Si tratta di una ricerca suggestiva che si confronta con le asperità testuali e che aiuta a superare i fraintendimenti fioriti quando la teologia cristiana si è coniugata col platonismo infrangendo l’armonia che si era lentamente intessuta tra eros e agape, armonia evocata anche da Benedetto XVI nella sua enciclica Deus caritas est. Ma qui il discorso dovrebbe allargarsi alla storia della tradizione, come per altro abbiamo già avuto occasione di suggerire attraverso un nostro precedente intervento a proposito del libro Due in una carne di Margherita Pelaja e Lucetta Scaraffia (Laterza 2008). Per stare, però, sul terreno biblico, potremmo consigliare una galleria di ritratti femminili delle Scritture, messa all’insegna del curioso motto rabbinico Torah orah, la Torah “incinta”, ossia la Legge e la Rivelazione biblica declinata al femminile. Con le immancabili Eva e Sara, ecco le matriarche Rebecca, Rachele e Lia, la Tamar stuprata e la ninfomane moglie di Potifar, la Raab di Gerico, prostituta santificata, ma anche le guerriere Debora, Giaele e Giuditta e così via in oltre venti dipinti testuali, destinati ovviamente a passare ancora per la “Lei” del Cantico e ad approdare alla Maria madre di Gesù.

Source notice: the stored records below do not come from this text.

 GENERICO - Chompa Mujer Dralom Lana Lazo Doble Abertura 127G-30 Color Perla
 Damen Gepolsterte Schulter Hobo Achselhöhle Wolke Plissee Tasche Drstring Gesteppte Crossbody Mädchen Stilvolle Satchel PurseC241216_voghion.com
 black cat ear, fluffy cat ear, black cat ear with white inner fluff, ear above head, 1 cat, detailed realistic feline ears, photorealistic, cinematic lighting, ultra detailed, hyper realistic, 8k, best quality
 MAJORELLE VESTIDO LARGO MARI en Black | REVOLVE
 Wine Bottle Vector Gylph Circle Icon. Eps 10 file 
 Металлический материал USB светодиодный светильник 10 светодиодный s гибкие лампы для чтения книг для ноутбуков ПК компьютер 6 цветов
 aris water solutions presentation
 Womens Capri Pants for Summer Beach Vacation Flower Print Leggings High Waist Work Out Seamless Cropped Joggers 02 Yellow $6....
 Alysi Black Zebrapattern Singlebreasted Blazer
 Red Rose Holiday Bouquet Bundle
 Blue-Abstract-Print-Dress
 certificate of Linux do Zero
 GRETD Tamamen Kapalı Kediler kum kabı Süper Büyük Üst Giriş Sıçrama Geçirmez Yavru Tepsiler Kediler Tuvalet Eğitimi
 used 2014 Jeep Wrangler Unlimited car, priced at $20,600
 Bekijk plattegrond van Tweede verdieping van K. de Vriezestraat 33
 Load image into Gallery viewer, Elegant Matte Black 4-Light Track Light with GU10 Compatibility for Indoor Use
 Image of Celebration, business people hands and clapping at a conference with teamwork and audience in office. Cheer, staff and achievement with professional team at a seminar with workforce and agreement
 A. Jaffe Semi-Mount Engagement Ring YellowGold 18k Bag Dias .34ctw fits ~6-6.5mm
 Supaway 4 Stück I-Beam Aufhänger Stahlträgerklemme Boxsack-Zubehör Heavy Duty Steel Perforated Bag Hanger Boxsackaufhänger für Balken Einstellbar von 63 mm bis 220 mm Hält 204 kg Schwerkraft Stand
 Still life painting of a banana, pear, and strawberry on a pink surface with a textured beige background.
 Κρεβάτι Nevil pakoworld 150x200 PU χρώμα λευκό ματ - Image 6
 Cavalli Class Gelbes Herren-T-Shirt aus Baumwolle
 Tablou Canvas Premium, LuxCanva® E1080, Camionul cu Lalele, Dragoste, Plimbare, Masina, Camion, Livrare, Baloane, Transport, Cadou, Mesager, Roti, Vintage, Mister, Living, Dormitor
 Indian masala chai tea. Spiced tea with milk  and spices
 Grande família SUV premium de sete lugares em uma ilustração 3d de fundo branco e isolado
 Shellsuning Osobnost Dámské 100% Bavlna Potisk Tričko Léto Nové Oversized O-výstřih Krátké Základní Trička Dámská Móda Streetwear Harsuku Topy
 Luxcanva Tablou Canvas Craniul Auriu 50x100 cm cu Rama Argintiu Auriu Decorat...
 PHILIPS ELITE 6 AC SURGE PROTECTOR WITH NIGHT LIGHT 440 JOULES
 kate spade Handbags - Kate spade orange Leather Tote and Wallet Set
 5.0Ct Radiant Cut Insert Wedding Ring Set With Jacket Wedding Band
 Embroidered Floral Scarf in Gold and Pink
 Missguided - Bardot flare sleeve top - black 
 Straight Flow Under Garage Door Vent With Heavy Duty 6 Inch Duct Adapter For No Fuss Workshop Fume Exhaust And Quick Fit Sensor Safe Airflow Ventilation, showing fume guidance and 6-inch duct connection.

Una sequenza di volti tratteggiati sempre con lievità e intelligenza e alla fine commentati sinteticamente dalla voce sempre fine di Sylvie Germain e dagli acquerelli di Marte Sonnet che, però, si spengono perché privi di colore.
Più di una volta abbiamo fatto cenno a quell’archetipo femminile per eccellenza che è Maria di Nazaret. Tutto quello che è necessario sapere di lei, nella sua autenticità documentaria biblica, senza inciampare nell’effervescenza devozionale o nella fantasia pirotecnica degli scritti apocrifi, ce lo offre uno specialista in questo ambito, Alberto Valentini, docente alla Gregoriana e al Marianum di Roma. Il suo è un viaggio anche a ritroso, alla ricerca delle fondazioni anticotestamentarie di molti lineamenti del volto cristiano della Vergine Madre, e un itinerario prospettico sino al “grande segno” della donna incinta dell’Apocalisse, per entrare poi nella selva fitta della mariologia, una branca dalla teologia più significativa di quanto s’immagini, considerati i suoi nessi con la cristologia e l’ecclesiologia. Il Concilio Vaticano II non aveva esitato, in uno dei suoi documenti, la Lumen gentium, ad affermare che «Maria, per la sua intima partecipazione alla storia della salvezza, riunisce per così dire e riverbera i massimi dati della fede» (n. 65).
Andrea Milano, «Donna e amore nella Bibbia», Dehoniane, Bologna, pagg. 388.
André Wénin – Camille Focant, «La donna, la vita», postfazione di Sylvie Germain, Dehoniane, Bologna, pagg. 157.
Alberto Valentini, «Maria secondo le Scritture», Dehoniane, Bologna, pagg. 500.